What the task requires:
For the material below, reproduce exactly each line from the one that has "TOBUSA A19 LED" through the one that has "Diamond treble clef", and no others; pictures stay out.

Provided entries:
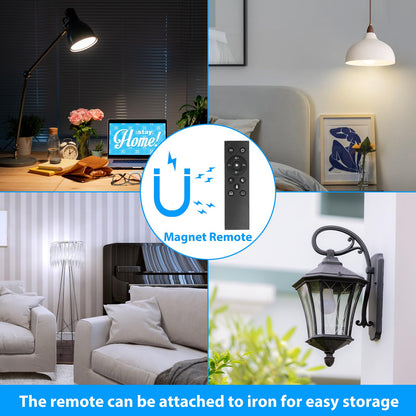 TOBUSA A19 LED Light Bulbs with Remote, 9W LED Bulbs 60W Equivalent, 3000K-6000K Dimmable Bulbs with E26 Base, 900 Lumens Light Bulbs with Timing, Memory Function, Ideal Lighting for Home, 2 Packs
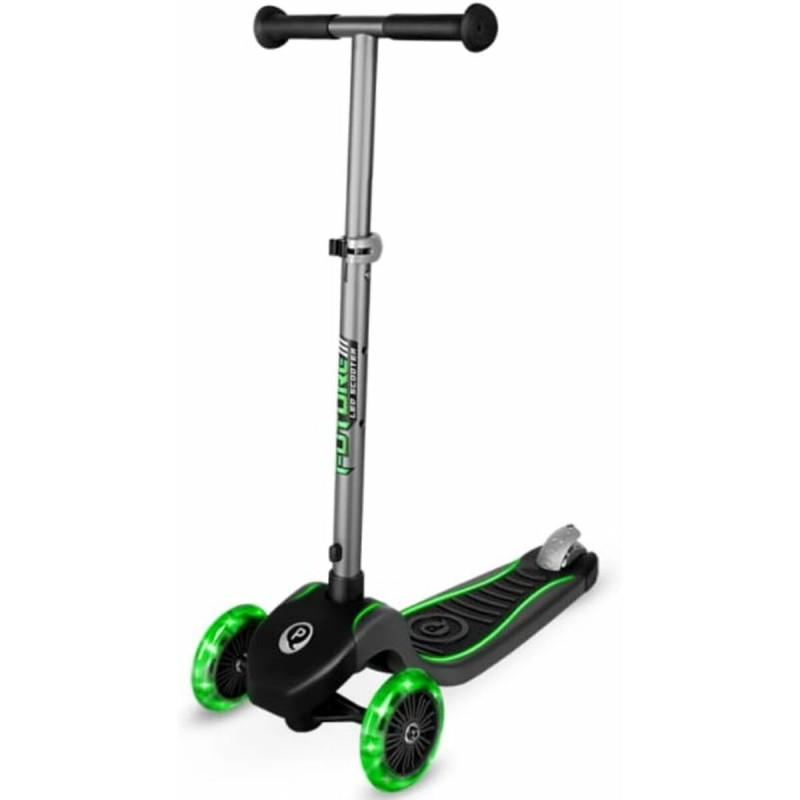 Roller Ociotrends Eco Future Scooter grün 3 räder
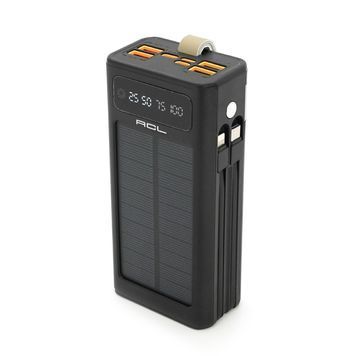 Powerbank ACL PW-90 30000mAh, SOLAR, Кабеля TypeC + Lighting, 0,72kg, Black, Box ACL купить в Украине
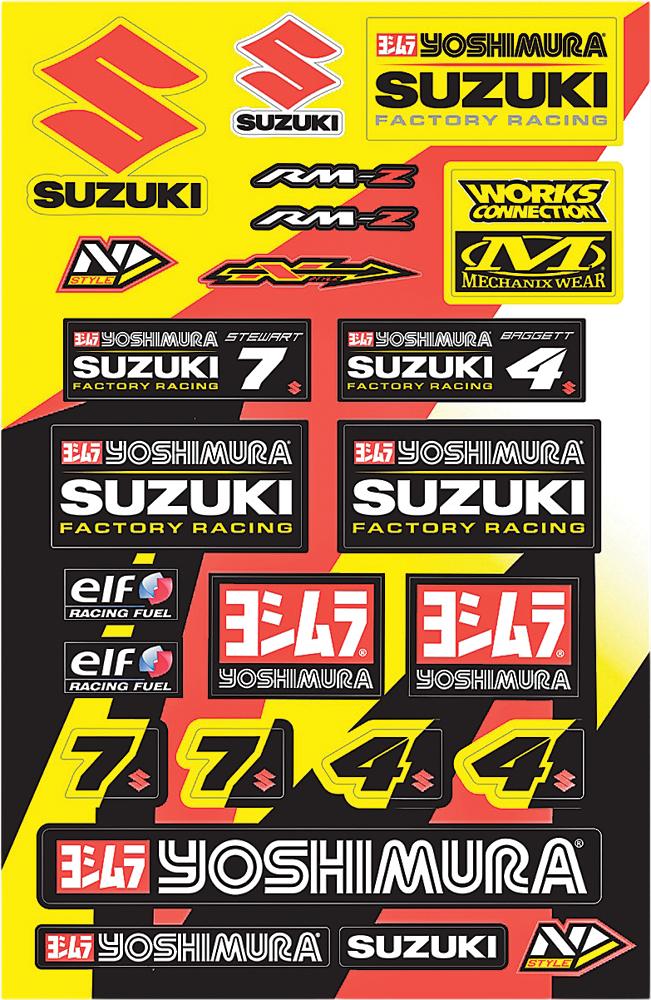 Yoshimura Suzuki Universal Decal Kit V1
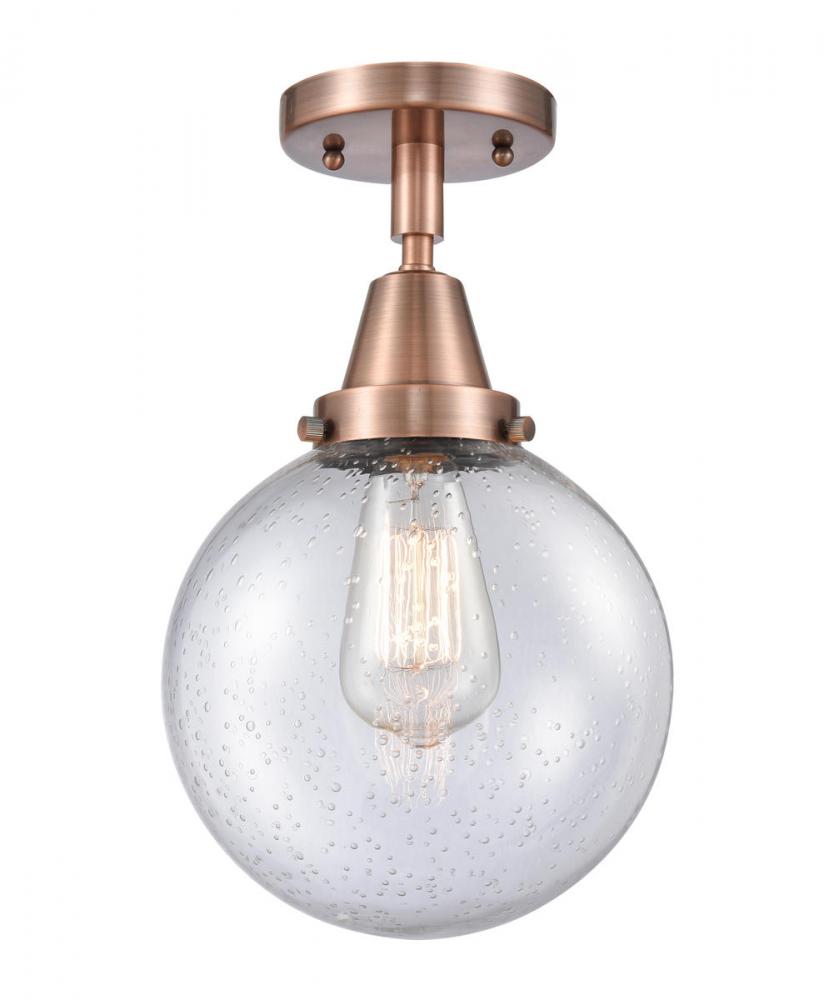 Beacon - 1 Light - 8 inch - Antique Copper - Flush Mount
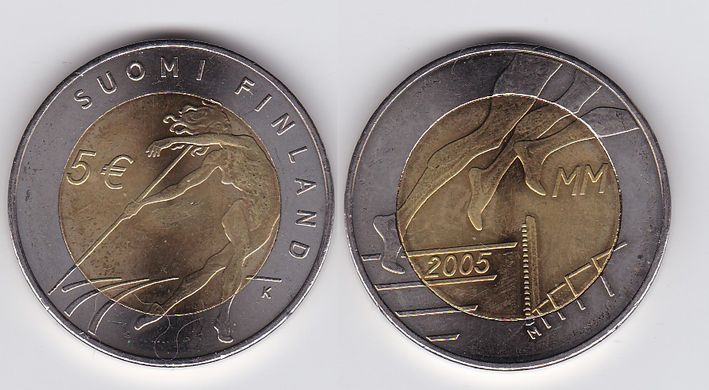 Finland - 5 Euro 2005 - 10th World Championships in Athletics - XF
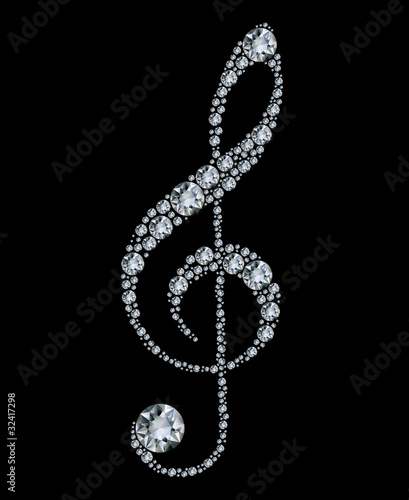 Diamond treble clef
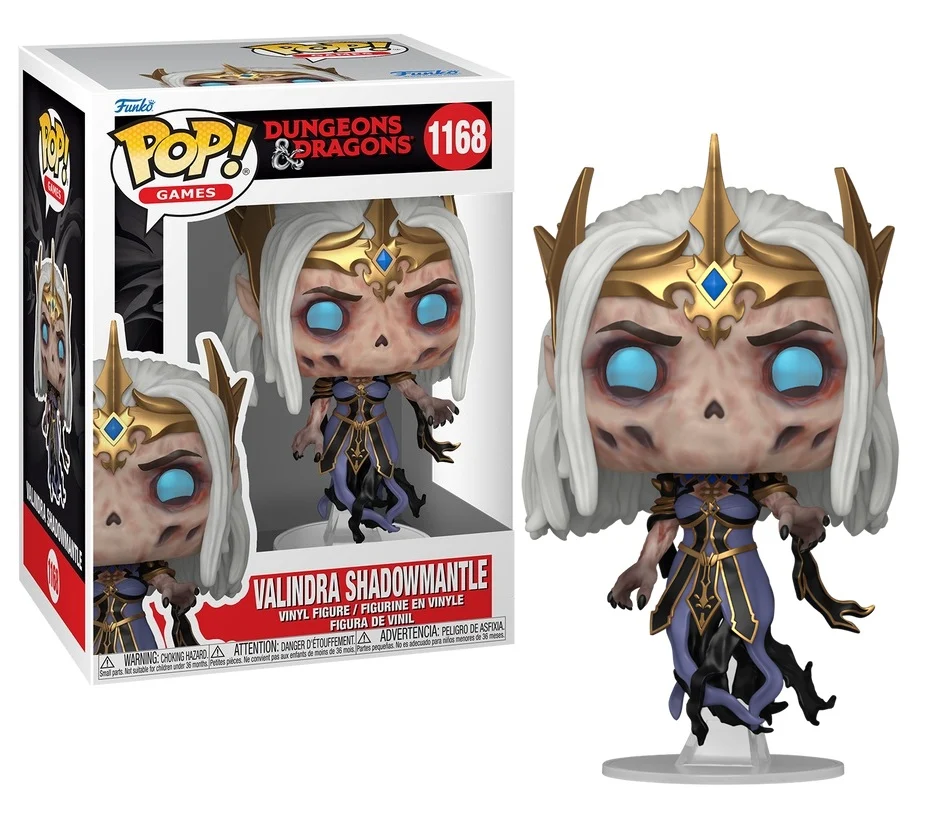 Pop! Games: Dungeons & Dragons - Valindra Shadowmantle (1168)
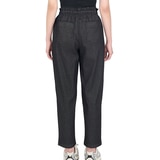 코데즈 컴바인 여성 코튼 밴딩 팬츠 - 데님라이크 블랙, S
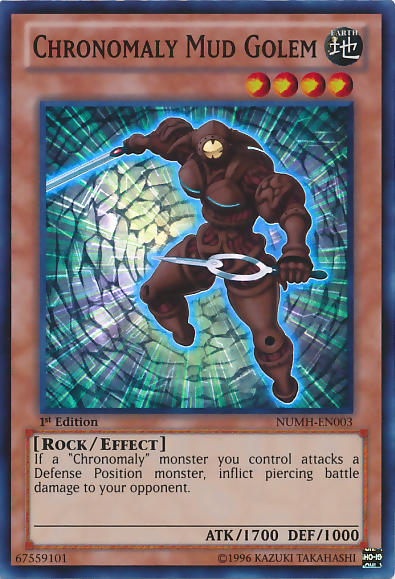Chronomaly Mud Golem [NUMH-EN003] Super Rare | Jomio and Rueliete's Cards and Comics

--

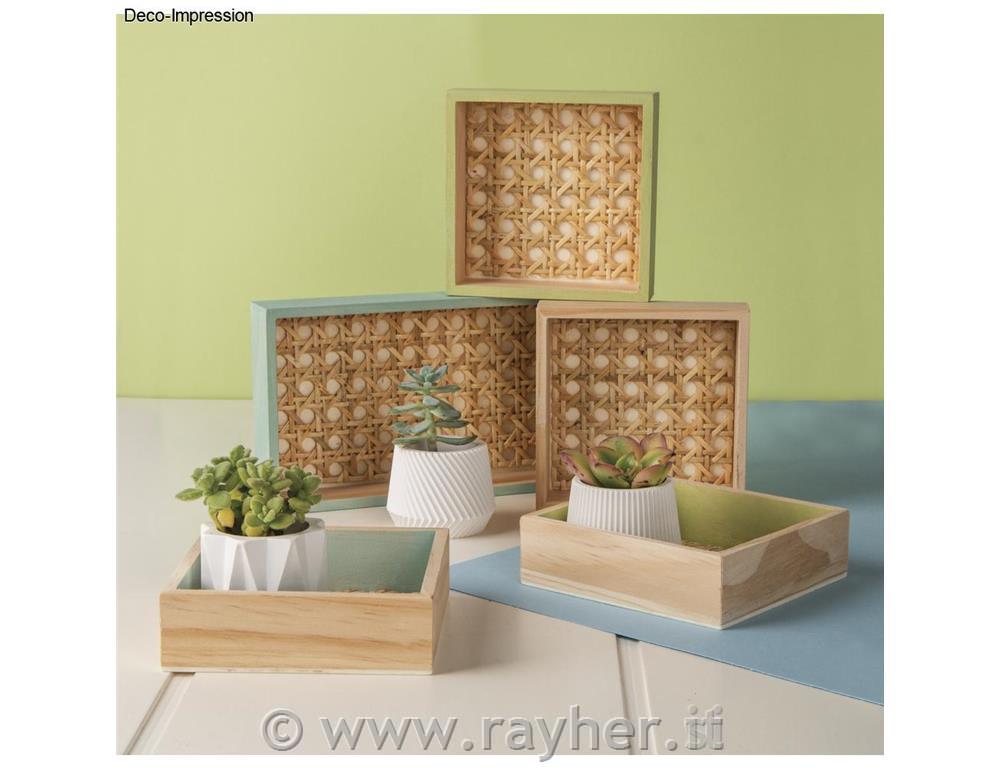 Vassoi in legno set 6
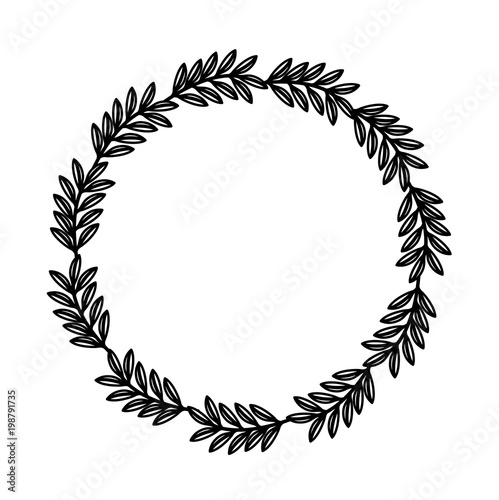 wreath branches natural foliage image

Task response:
 TOBUSA A19 LED Light Bulbs with Remote, 9W LED Bulbs 60W Equivalent, 3000K-6000K Dimmable Bulbs with E26 Base, 900 Lumens Light Bulbs with Timing, Memory Function, Ideal Lighting for Home, 2 Packs
 Roller Ociotrends Eco Future Scooter grün 3 räder
 Powerbank ACL PW-90 30000mAh, SOLAR, Кабеля TypeC + Lighting, 0,72kg, Black, Box ACL купить в Украине
 Yoshimura Suzuki Universal Decal Kit V1
 Beacon - 1 Light - 8 inch - Antique Copper - Flush Mount
 Finland - 5 Euro 2005 - 10th World Championships in Athletics - XF
 Diamond treble clef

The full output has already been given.